Inbound Marketing Alone Isn’t Sufficient for SaaS Customer Success
Image created by Yasmine Sedky (?@yazsedky).

Inbound Marketing Alone Isn’t Sufficient for SaaS Customer Success

If you ask an inbound marketer, inbound marketing is not only the best thing since sliced bread – it’s the saving grace of marketing in general. Now, I will admit to having some bias towards Inbound. I think it works a helluva lot better for today’s customers who are becoming increasingly resistant to the “hard sell” tactics of outbound marketing.

But, it’s not the be-all and end-all, everything-you-need, one-stop-shop for SaaS success.

Not even if you do it really, really well.

Inbound’s strengths are in supporting the Awareness, Consideration, and Decision-making stages of the buyer’s journey. At its best, it reaches out to ideal customers, reels them in with genuinely helpful content, warms them up, and gently nudges them towards clicking the “Buy” button.
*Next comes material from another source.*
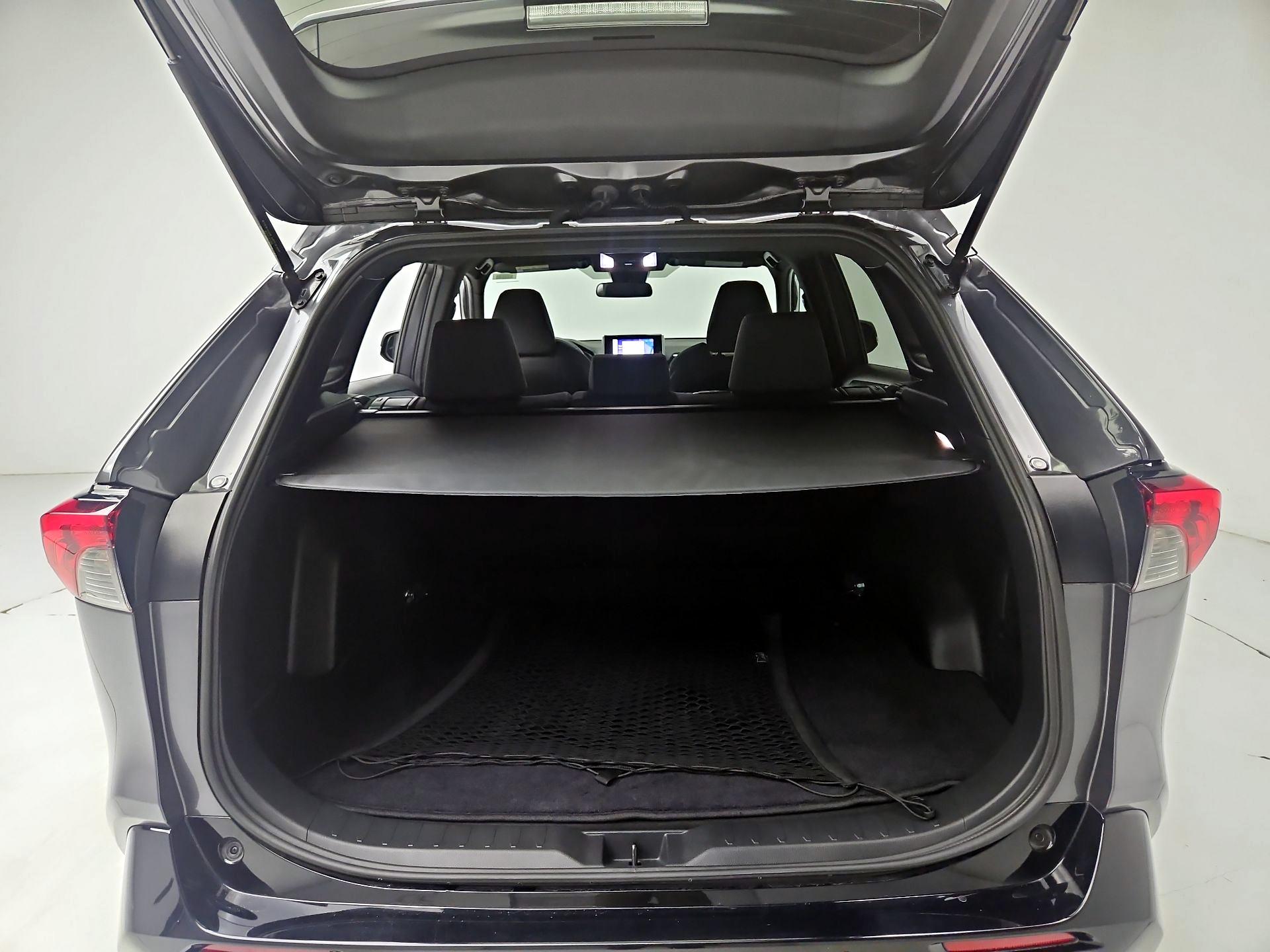 Thumbnail: 2023 Toyota RAV4 - 20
“What else is there?” you might well ask.

All of the stages inbound marketing typically addresses are about acquisition, which is great. You need to acquire customers or you won’t have a business.

But you also need to retain customers – or you won’t grow your business.

Ah, yes. Retention.

Inbound Marketing doesn’t do much, if anything, for retention – but your content strategy, together with your onboarding process, should.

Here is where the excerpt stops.